= Gorse Trilogy =

Three novels by Patrick Hamilton (1904-1962)

The Gorse Trilogy is a series of three novels, the last published works of the English author Patrick Hamilton. It consists of:

- The West Pier (1951)
- Mr. Stimpson and Mr. Gorse (1953)
- Unknown Assailant (1955)

Each volume represents an episode in the career of the anti-hero Ernest Ralph Gorse, a skilled professional confidence man, whose heartlessness and lack of scruple are matched only by the inventiveness and panache with which he swindles his victims. Hamilton is thought to have been based him on the real-life con-man and murderer Neville George Heath, who was executed in 1946.

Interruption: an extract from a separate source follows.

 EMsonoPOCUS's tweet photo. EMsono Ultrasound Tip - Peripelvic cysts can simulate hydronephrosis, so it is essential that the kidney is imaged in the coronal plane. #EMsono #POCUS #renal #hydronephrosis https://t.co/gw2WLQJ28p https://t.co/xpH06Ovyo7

Gorse insinuates himself into the lives of his victims with his good looks and easy confidence, and always with a good story. His victims are always women, and he flatters his way into their affections until he is in a position to turn things to his advantage. Graham Greene called The West Pier "the best book written about Brighton", while L.P. Hartley said, "The entertainment value of this brilliantly told story could hardly be higher." Writing for The Independent, critic D. J. Taylor called Unknown Assailant "an inferior work" while The Guardian called it "drink-soaked."

A loose adaptation of Mr Stimpson and Mr Gorse was produced by ITV in 1987, under the title The Charmer. The changes were sufficient for the dramatist, Allan Prior, to issue a separarte novelisation of the TV series.

Gorse has a cameo as a secondary villain in Kim Newman's 2013 novel Johnny Alucard, par of his Anno Dracula series.